Definition of a Dynasty: what makes a team legendary?

Leading a team to the top of their respective sport is difficult, and as such you need to be a special kind of performer to be able to do it more than once. In fact, some would go so far as to say that those who repeat their world championship successes deserve to be deemed a ‘dynasty’.

In many respects, we tend to agree with that sentiment, but it seems as if the definition of that word has been watered down quite a lot over the years. We all know that within American sport, in particular, you can have a great team that doesn’t quite live up to their full potential, which often means they’re never in the conversation for the best ever.

That, in short, is the right mentality to have.
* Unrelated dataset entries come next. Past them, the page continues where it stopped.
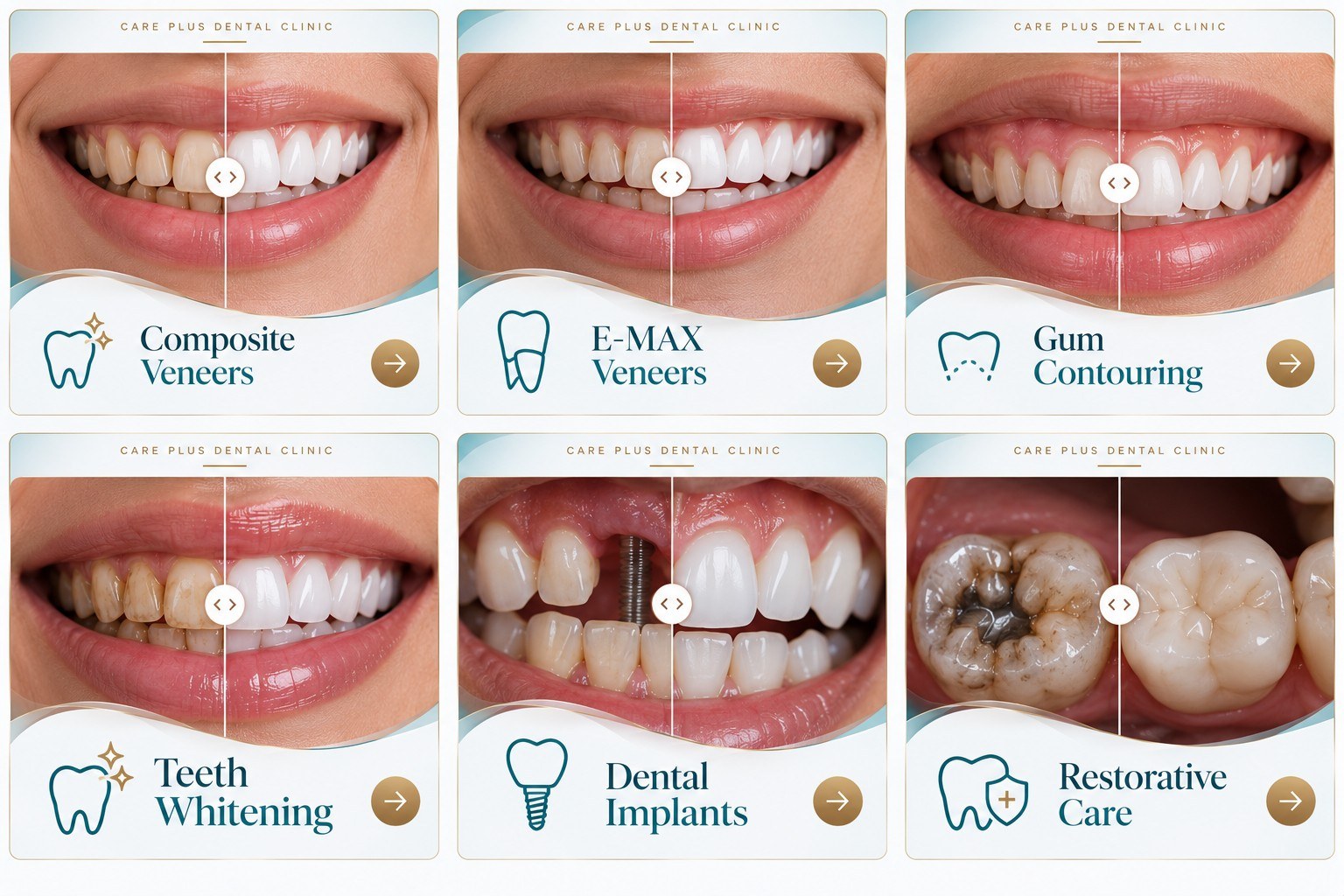 Composite veneers, E-max veneers, gum contouring, whitening, implants and restorative care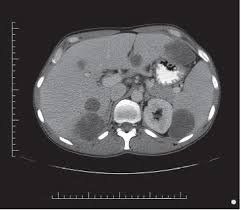 Diagnostic imaging on computed tomography of the spleen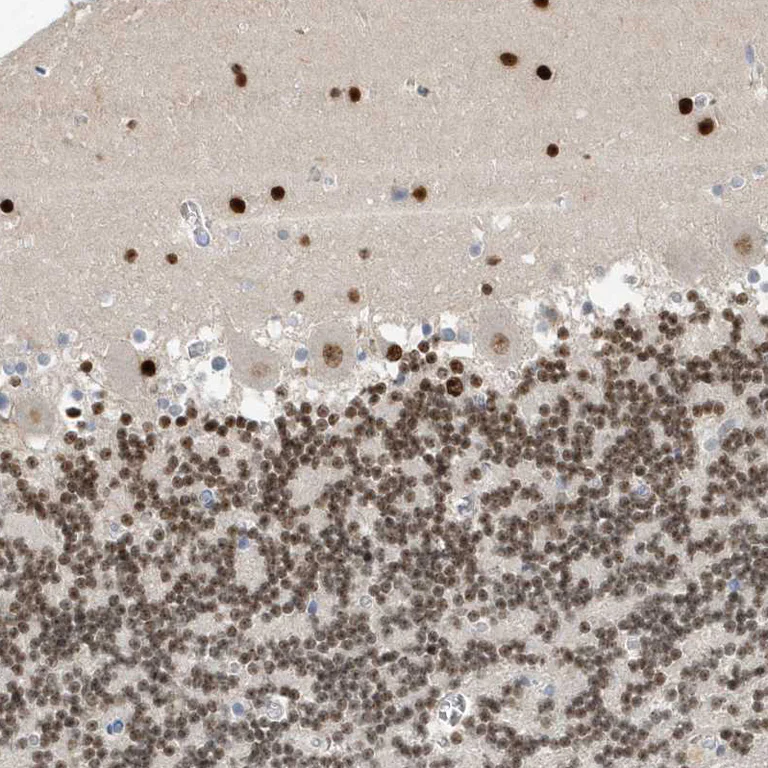 Immunohistochemistry (Formalin/PFA-fixed paraffin-embedded sections) - Anti-mH2A2 antibody (AB246995)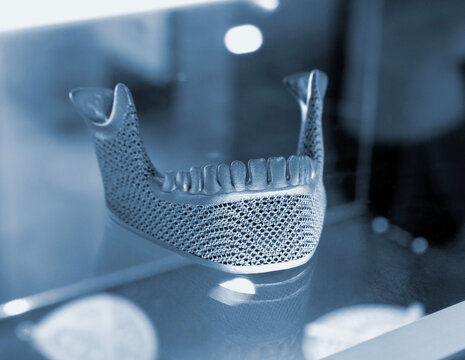 Object custom jaw printed on 3D printer from titanium. Model lower jaw printed 3D printer from metal powder. Selective Laser Melting. SLM. Additive new modern manufacturing. 3D printing technology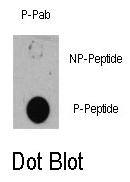AP12886PU-N - TSC1 / Hamartin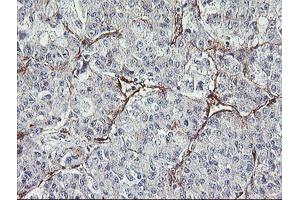 Immunohistochemical staining of paraffin-embedded Carcinoma of Human liver tissue using anti-MIER2 mouse monoclonal antibody.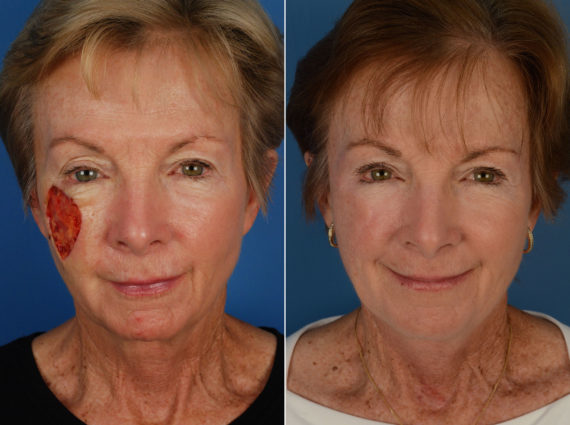 Skin Cancer Reconstruction Before and After Photos in Naples, FL, Patient 12033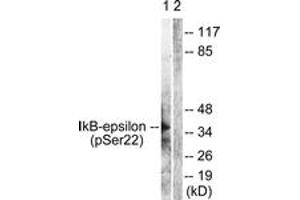 Western blot analysis of extracts from Jurkat cells treated with TNF-a 20ng/ml 30', using IkappaB-epsilon (Phospho-Ser22) Antibody. (IkappaB-epsilon 抗体  (pSer22))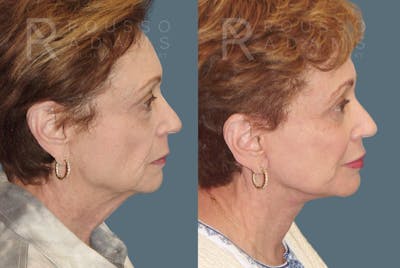 Facelift <span class=small>By Dr. Daniel Rousso</span> Before & After Gallery - Patient 103063 - Image 2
No matter how good of an assortment of players may seem, you just can’t call yourself an iconic team within the annals of sporting history if you don’t make that elusive run to the championship that people speak of for years to come.

Individual talent doesn’t always translate into greatness on the field, pitch or rink, and within the word ‘dynasty’ you always have to find the word ‘team’. In years to come when we talk about the likes of the New England Patriots we shouldn’t just be referring to Tom Brady because that’s just one piece of a much bigger puzzle.
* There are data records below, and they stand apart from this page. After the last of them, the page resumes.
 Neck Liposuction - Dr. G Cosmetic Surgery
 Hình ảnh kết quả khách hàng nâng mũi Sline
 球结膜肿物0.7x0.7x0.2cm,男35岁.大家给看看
Manchester United didn’t continually succeed JUST because of Sir Alex Ferguson (despite what many believe) because the Ryan Giggs and Paul Scholes of the game played an absolutely massive role in their consistency. Sure we can admire one or two entities within the squad-based on their overwhelming ability, but that shouldn’t matter nearly as much as the end product.

For example, the Seattle Seahawks side that won the Super Bowl a few years back is considered to be one of the best in recent memory. They beat the Broncos, then they made it back to the big dance against the Pats twelve months later. Should they come into the conversation in terms of dynasties? No, because they decided to throw the ball instead of handing it off and New England walked away with their 4th ring.
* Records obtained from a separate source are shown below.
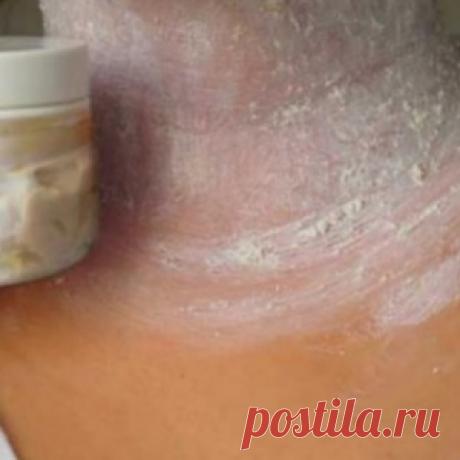 Избавьтесь от этих темных пятен на шее, в области подмышек и внутренней поверхности бедер!
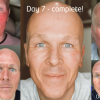 LPA client showing daily changes in his skin following The Perfect Peel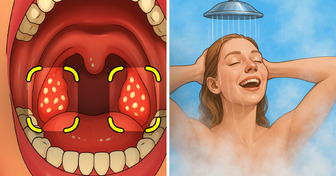 8 Hidden Causes of Psoriasis You Might Be Overlooking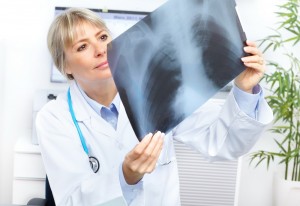 Șansa pacienților cu tumori bronhopulmonare, nerezecabile: Durvalumabul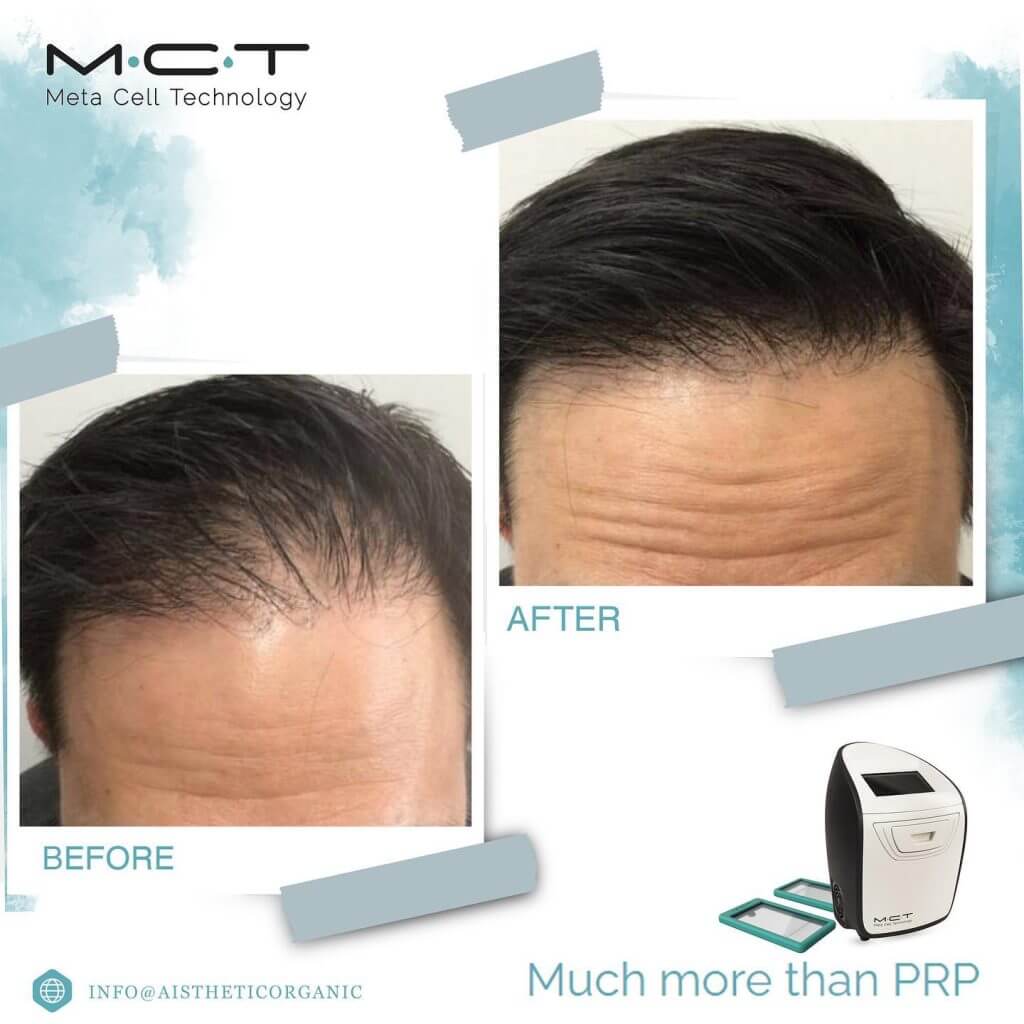 mct-estetika-male-lasišče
That might sound harsh, but much like everything in sport, we shouldn’t be diluting such a unique term. If we call one-time winners of any division around the globe a dynasty, then that scrapes away at the importance of teams like the Los Angeles Lakers of the noughties and the Chicago Bulls of the 90s.

Sure that may mean that the franchisees who are labelled with that term are more hated among the general public, but that’s the point. We as fans hate those who are more successful than us because it’s human nature, and we want to be in the position that they are in. That doesn’t make us cynical, it just makes watching things unfold all the more entertaining.

Don’t down play a champion, but don’t put them on an undeserving pedestal either.